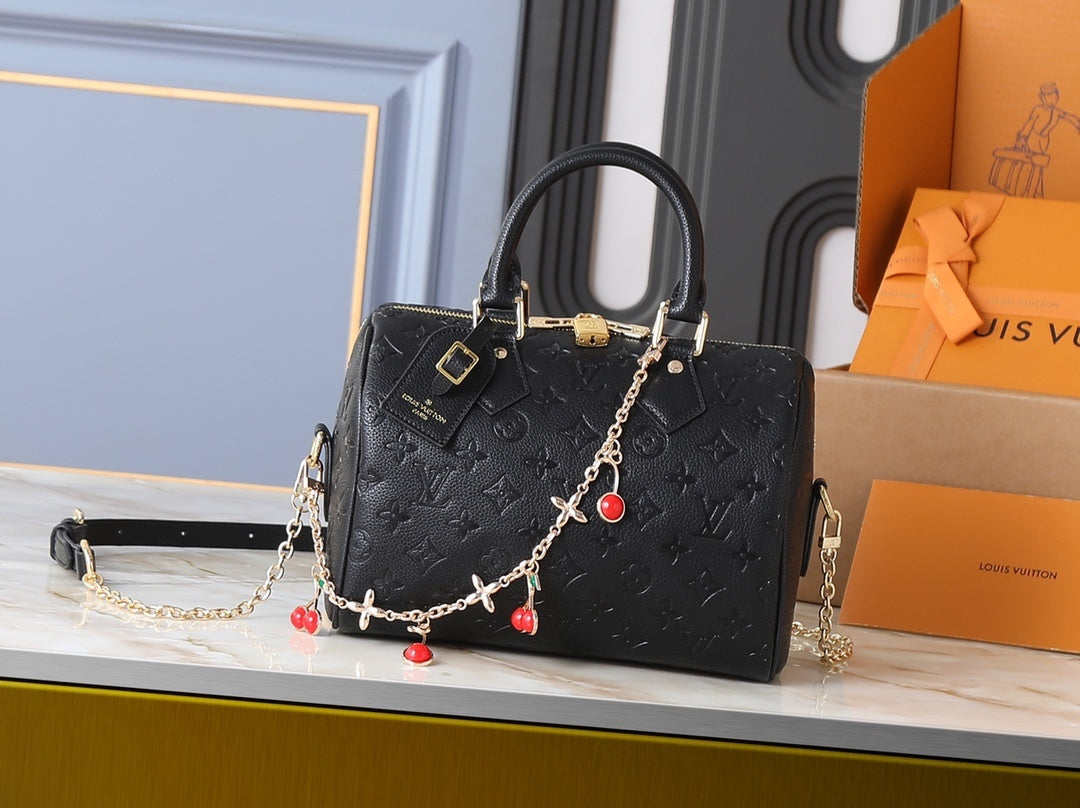 Speedy Soft Monogram Black Bag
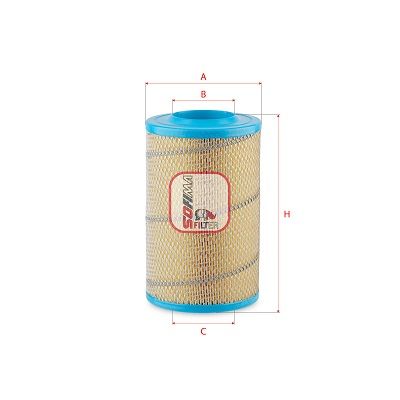 Filtr powietrza SOFIMA S 3050 A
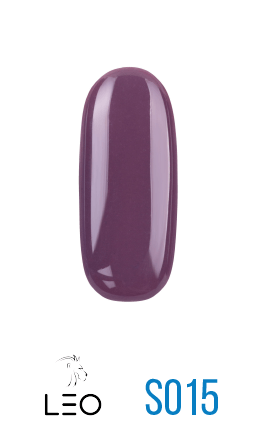 Гель-лак Leo Gel-polish Seasons 015 баклажановий, емаль 9 мл
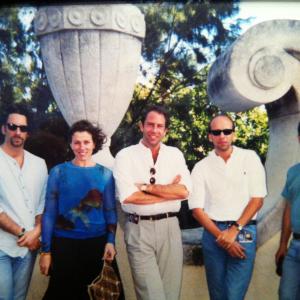 Joel Coen, Frances McDormand, Henri Kessler, Eric Fellner & Ethan Coen at The National Hotel in Havana for Havana Film Festival 1999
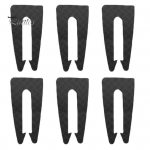 6 tk pliidinupu katted, lihtne paigaldamine Vastupidav pliidinupu luku turvalisus lapsekindel pliidi pliidiplaadi jaoks hall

# TASK BRIEF
Print the records again exactly. Skip every picture.

# SOLUTION
 Speedy Soft Monogram Black Bag
 Filtr powietrza SOFIMA S 3050 A
 Гель-лак Leo Gel-polish Seasons 015 баклажановий, емаль 9 мл
 Joel Coen, Frances McDormand, Henri Kessler, Eric Fellner & Ethan Coen at The National Hotel in Havana for Havana Film Festival 1999
 6 tk pliidinupu katted, lihtne paigaldamine Vastupidav pliidinupu luku turvalisus lapsekindel pliidi pliidiplaadi jaoks hall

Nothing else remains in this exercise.